En second lieu, il résulte de l’instruction que l’indu dont le remboursement est demandé à Mme B… est fondé sur la circonstance qu’elle a déclaré à tort en tant que salaires, dans ses déclarations trimestrielles à la caisse d’allocations familiales, des indemnités perçues alors qu’elle était en arrêt maladie, et a ainsi continué à percevoir la prime d’activité durant son congé de maladie. La requérante, qui soutient qu’elle a commis une erreur dès lors que ces indemnités journalières étaient mentionnées comme salaire dans ses bulletins de paie, doit ainsi être regardée comme justifiant de sa bonne foi.

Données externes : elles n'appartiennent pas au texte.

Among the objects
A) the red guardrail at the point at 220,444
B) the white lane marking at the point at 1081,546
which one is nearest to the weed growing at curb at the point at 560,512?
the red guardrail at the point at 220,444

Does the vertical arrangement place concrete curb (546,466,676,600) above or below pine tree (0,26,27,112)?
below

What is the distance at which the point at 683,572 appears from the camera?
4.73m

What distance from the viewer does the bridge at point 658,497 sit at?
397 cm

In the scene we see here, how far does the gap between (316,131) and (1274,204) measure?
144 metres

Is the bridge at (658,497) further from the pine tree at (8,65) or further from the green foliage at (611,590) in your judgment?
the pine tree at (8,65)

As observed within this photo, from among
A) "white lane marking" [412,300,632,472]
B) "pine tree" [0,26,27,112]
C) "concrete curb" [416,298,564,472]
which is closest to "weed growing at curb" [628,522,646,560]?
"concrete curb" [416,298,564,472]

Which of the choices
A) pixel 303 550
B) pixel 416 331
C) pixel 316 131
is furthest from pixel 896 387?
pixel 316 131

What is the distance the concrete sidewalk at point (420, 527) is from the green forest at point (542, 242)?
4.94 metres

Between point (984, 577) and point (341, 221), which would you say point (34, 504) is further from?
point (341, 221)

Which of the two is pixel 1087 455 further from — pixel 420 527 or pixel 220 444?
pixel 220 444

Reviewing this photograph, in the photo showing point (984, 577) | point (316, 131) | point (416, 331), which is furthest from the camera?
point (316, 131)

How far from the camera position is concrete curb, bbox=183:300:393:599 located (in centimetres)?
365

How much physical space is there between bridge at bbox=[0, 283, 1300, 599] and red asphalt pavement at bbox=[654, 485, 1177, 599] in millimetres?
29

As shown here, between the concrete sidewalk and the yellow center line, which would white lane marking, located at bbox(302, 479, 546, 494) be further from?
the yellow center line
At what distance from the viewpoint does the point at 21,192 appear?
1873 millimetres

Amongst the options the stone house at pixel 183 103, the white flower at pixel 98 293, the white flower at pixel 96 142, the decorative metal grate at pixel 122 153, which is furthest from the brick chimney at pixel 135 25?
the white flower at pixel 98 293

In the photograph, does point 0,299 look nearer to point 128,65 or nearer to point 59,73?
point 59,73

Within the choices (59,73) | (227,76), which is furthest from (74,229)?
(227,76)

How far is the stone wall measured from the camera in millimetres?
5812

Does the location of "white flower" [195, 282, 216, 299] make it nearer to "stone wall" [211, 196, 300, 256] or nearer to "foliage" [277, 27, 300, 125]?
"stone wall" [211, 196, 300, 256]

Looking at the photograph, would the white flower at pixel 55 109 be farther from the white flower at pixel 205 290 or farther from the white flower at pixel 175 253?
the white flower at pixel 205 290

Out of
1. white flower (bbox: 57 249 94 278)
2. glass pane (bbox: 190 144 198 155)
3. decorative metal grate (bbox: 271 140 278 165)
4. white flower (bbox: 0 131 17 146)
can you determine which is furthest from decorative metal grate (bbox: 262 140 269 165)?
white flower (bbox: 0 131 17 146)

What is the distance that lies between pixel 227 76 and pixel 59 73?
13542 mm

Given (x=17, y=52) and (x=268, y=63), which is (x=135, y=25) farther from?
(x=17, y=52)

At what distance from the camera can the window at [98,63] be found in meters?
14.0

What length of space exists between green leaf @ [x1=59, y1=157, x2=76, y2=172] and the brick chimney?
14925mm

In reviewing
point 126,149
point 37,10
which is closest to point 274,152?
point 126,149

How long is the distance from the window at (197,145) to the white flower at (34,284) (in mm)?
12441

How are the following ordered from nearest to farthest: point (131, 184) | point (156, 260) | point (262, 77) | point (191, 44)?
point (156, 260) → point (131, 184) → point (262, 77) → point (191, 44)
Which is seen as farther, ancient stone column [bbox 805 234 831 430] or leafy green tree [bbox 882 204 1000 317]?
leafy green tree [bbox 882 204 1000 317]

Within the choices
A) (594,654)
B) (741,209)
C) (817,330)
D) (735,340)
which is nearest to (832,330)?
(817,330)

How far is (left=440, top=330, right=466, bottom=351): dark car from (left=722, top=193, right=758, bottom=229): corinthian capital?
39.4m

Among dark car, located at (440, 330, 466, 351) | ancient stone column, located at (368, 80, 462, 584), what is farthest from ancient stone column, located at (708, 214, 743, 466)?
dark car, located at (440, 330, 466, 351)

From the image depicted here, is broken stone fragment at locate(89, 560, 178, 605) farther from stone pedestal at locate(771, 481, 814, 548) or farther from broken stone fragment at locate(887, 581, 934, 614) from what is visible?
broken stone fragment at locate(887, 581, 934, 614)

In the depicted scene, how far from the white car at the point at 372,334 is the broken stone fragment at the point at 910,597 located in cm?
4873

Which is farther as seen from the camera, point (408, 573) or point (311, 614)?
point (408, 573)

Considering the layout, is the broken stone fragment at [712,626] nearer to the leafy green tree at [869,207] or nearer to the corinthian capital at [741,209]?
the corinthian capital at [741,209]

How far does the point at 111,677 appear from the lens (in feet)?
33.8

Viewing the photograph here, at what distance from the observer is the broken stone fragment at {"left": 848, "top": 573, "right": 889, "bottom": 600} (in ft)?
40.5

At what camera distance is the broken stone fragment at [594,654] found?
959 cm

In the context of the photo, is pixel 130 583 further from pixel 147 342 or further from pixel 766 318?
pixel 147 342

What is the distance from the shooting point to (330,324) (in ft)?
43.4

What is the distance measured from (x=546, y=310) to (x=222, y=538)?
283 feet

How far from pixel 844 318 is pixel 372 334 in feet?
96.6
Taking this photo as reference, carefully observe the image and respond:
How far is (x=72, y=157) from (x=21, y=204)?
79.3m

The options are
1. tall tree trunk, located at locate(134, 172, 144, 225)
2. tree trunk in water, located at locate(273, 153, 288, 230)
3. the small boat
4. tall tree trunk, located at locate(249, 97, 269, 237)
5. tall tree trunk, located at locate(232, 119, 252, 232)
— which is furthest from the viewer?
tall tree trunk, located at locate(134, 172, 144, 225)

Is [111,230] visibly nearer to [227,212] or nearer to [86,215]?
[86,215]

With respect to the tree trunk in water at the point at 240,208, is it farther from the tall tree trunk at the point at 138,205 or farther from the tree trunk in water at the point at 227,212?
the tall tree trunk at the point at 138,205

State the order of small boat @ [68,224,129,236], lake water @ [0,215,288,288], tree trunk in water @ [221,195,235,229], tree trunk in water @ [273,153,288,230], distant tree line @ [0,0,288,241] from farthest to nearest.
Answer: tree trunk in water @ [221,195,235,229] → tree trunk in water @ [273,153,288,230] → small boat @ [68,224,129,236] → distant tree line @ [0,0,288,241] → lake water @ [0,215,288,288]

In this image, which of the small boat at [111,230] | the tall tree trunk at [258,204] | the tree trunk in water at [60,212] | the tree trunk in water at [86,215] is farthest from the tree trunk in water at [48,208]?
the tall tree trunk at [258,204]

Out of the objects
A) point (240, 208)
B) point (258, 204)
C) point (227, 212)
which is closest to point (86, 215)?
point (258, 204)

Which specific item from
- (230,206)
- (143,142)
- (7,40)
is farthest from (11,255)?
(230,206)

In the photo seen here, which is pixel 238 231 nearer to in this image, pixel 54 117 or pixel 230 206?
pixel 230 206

Toutefois, si Mme B… se prévaut de ce que sa situation financière précaire fait obstacle au remboursement de sa dette, dès lors qu’elle doit prendre en charge sa fille mineure et sa mère et qu’elle est en conflit avec son employeur, elle ne produit aucun élément récent de nature à permettre au tribunal d’apprécier l’état actuel de ses ressources et de ses charges, tandis que la caisse d’allocations familiales du Rhône indique que la requérante dispose de ressources mensuelles suffisantes. Dès lors, Mme B… n’est pas fondée à solliciter une remise de sa dette de prime d’activité.
Il résulte de ce qui précède que la requérante n’est pas fondée à demander l’annulation de la décision du 29 mars 2022 par laquelle le directeur de la caisse d’allocations familiales du Rhône a refusé de lui accorder une remise de dette.
Les dispositions de l’article L. 761-1 du code de justice administrative font obstacle à ce que soit mis à la charge de la caisse d’allocations familiales du Rhône, qui n’est pas partie perdante dans la présente instance, le versement de la somme demandée par Mme B… au titre des frais exposés par elle et non compris dans les dépens.
D E C I D E :
Article 1er : La requête de Mme B… est rejetée.
Article 2 : Le présent jugement sera notifié à Mme A… B… et à la caisse d’allocations familiales du Rhône.
Rendu public par mise à disposition au greffe le 30 mai 2023.
La magistrate désignée,
P. Boulay
La greffière,
S. Rivoire
La République mande et ordonne au ministre des solidarités, de l’autonomie et des personnes handicapées en ce qui le concerne ou à tous commissaires de justice à ce requis en ce qui concerne les voies de droit commun contre les parties privées, de pourvoir à l’exécution de la présente décision.